Les travaux de prolongement du boulevard Béliveau avaient été autorisés par le ministère québécois de l’Environnement en vertu de simples « déclarations de conformité », procédure moins contraignante qu’une demande d’autorisation formelle. Selon des documents déposés récemment en Cour supérieure, c’est à la suggestion du Ministère que la Ville de Longueuil a retiré sa demande d’autorisation ministérielle. La municipalité pouvait ainsi aller de l’avant avec une procédure simplifiée, qui permettait de ne pas tenir compte d’un avis faunique défavorable du ministère des Forêts, de la Faune et des Parcs (MFFP).

Les travaux, pratiquement terminés, ont été réalisés dans l’habitat essentiel de l’espèce. Des milieux humides ont été détruits. Le 8 novembre, le ministre fédéral de l’Environnement et du Changement climatique, Steven Guilbeault, avait annoncé son intention de recommander un décret au gouvernement Trudeau dans ce dossier.

La rainette faux-grillon a le statut d’espèce menacée au Canada et vulnérable au Québec. Selon un récent rapport du MFFP, le déclin de l’espèce se poursuit à grande vitesse dans la province. Moins du quart des populations qui subsistent à ce jour « seraient capables de se maintenir à moyen terme si les conditions demeuraient telles quelles ».

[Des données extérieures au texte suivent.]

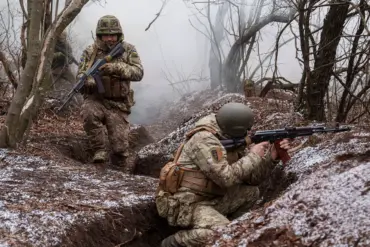 Ukraine's Elite Sixth Special Forces Unit Suffers Heavy Casualties, Military Commander Faces Scrutiny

La population du secteur du boisé du Tremblay, là où les travaux municipaux ont eu lieu, est d’ailleurs considérée par le MFFP comme « d’une importance provinciale ». Il ne reste que six populations toujours viables de l’espèce en Montérégie. Au cours des dernières décennies, la rainette faux-grillon, qui se reproduit au printemps dans des milieux humides temporaires, a perdu 90 % de son aire de répartition historique au Québec.

Une protection « rapide et véritable » souhaitée

« La portée du décret nous laisse sur notre faim, le décret protège essentiellement des zones déjà détruites, affirme Alain Branchaud, directeur général de la Société pour la nature et les parcs au Québec. Il est à souhaiter que cette intervention du fédéral mène rapidement et véritablement à une protection de l’habitat essentiel de l’espèce. »

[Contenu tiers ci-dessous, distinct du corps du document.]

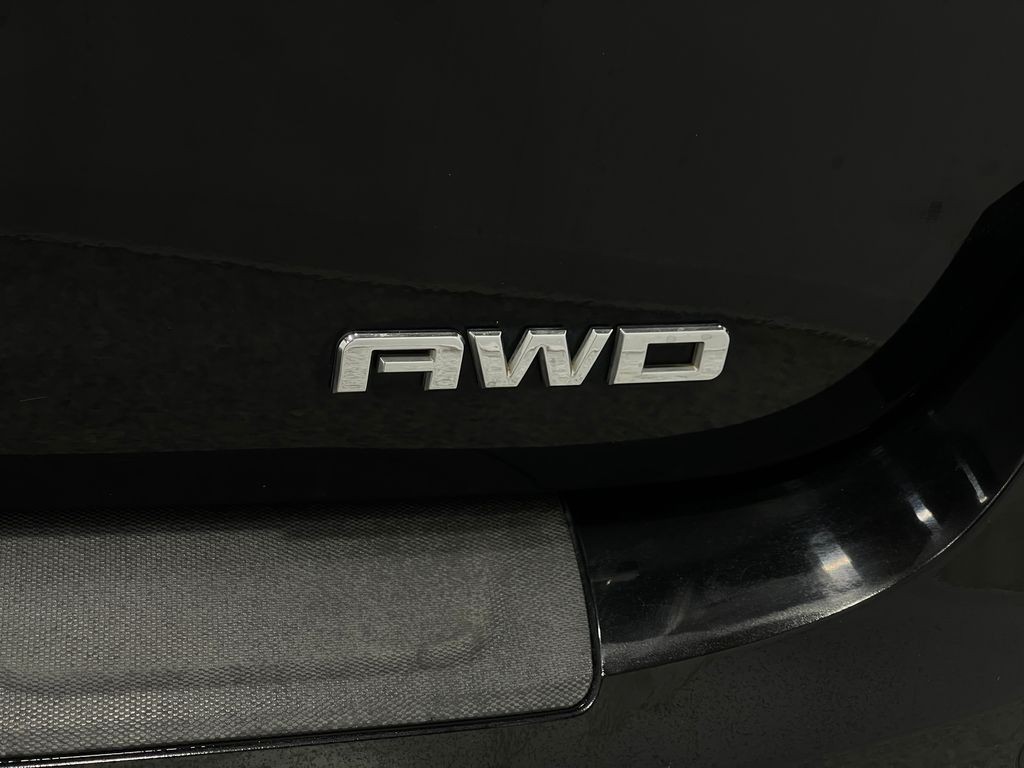 2017 GMC Terrain Image 39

Le décret ne couvre pas en effet les terrains situés au sud du prolongement du boulevard Béliveau où l’on retrouve une population de rainettes en forte croissance, depuis quelques années. La Presse a révélé récemment que la Ville de Longueuil a dans ses cartons des projets de lotissement résidentiel dans ce secteur.

IMAGE FOURNIE PAR ENVIRONNEMENT CANADA

Carte montrant la zone (foncée) couverte par le décret d’urgence

De son côté, la nouvelle mairesse de Longueuil, Catherine Fournier, dit avoir clairement signalé ses intentions au ministre fédéral de l’Environnement. « J’ai fait part à Steven Guilbeault de l’intention de notre administration de prendre toutes les dispositions nécessaires pour protéger le milieu naturel à perpétuité, en empêchant notamment tout développement immobilier sur les lots des terrains adjacents au boulevard. Nous souhaitons arriver à une entente tripartie avec le gouvernement du Québec pour y parvenir. »

Mme Fournier a aussi mentionné qu’elle souhaite intervenir rapidement pour empêcher le drainage des milieux humides toujours présents, une conséquence des travaux réalisés plus tôt cet automne.

Rappelons qu’en 2016, Ottawa avait adopté un décret similaire pour protéger la rainette faux-grillon à La Prairie, où l’espèce et son habitat étaient menacés par un important projet de lotissement résidentiel.